The software giant is devising a way for Xbox One users to play PC games, though it's a challenge, says Microsoft's Xbox head Phil Spencer.

Lance Whitney Contributing Writer
Lance Whitney is a freelance technology writer and trainer and a former IT professional. He's written for Time, CNET, PCMag, and several other publications. He's the author of two tech books--one on Windows and another on LinkedIn.
Lance Whitney
3 min read

You may one day soon be able to stream PC games to your Xbox One. CNET

The Windows 10 Xbox app lets you play Xbox One games on your Windows 10 PC or tablet. Now Microsoft is trying to cook up a recipe to do the reverse.

Microsoft's head of Xbox, Phil Spencer, said that the company is working on a way to stream PC games to Xbox One consoles. Speaking with The Verge, Spencer didn't reveal any specific details or timeframe for when this innovation might occur but revealed that "in terms of where we want to go with our platform, those are absolutely in scope of things that we want to do."

Microsoft has been keen on forging a connection between Windows 10 and the Xbox One. Debuting on Wednesday as a free upgrade to Windows 7 and 8.1 users, Windows 10 includes an Xbox app that taps into your Xbox One by offering a host of features. You can stream your Xbox One games to your Windows 10 PC or tablet. You can capture, view and share your recorded game clips. You can join an Xbox One party or chat. And you can customize different aspects of your account.

Bringing Windows 10 and the Xbox together is a clear way to generate demand for both. Microsoft wants to get Windows 10 into as many hands as possible, and offering this connection could convince Xbox One owners to upgrade to the new operating system software. On the flip side, Microsoft wants to create greater demand for the Xbox One, which has seen its sales trounced by Sony's PlayStation 4 for much of the past year. Providing a bridge to the Xbox One through the new operating system could prompt Windows 10 users to give the console a shot. Gamers also want to be able to play their favorite titles from a variety of devices -- game consoles, PCs and mobile devices, and this bridge between the Xbox One and Windows 10 would fulfill that need.

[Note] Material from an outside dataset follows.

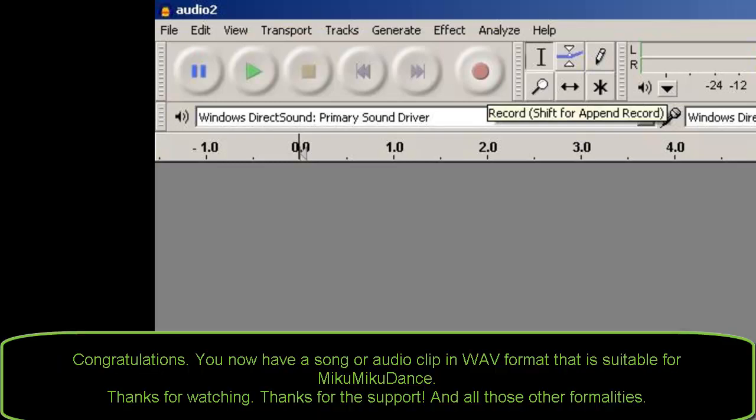Congratulations! You now have a song or audio clip in WAV format that is suitable for Miku Miku Dance. Thanks for watching, thanks for your support, and all those other formalities.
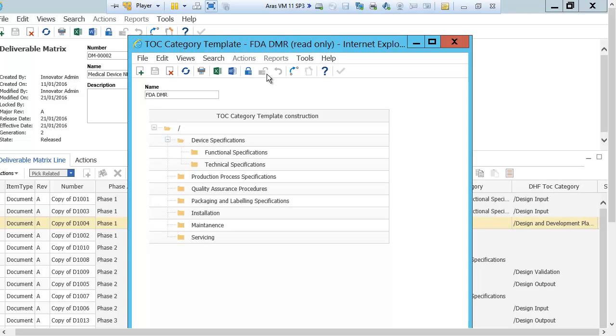The DMR is the recipe on how to build a device. It has many of the design outputs including the part, the BOM, the document describing the product, and how to build it.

The Xbox One is also part of Microsoft's "universal apps" strategy, under which developers can more easily create games and other apps for one platform and then tweak them to run on another platform. For example, a developer could create a game once using a core programming code and then easily modify it to run on a Windows 10 PC, a Windows 10 mobile device and on the Xbox One.

Playing Xbox One games on your Windows 10 PC requires just a controller. But playing PC games on your Xbox One would be more of a challenge. First, the Xbox One needs to support a keyboard and mouse.

"We understand if you're going to go PC to Xbox, we need to get keyboard and mouse working completely so you could play those games," Spencer told The Verge.

Second, Microsoft needs to encode PC games so they'll work on the Xbox One and ensure that there's enough bandwidth to stream a large game from your Windows 10 PC to the game console.

Streaming from Xbox One to Windows 10 computers is a lot more predictable "because we know exactly what you have," Spencer said. "It's actually a little more challenging doing the encoding on the PC side to the Xbox, but challenge is good."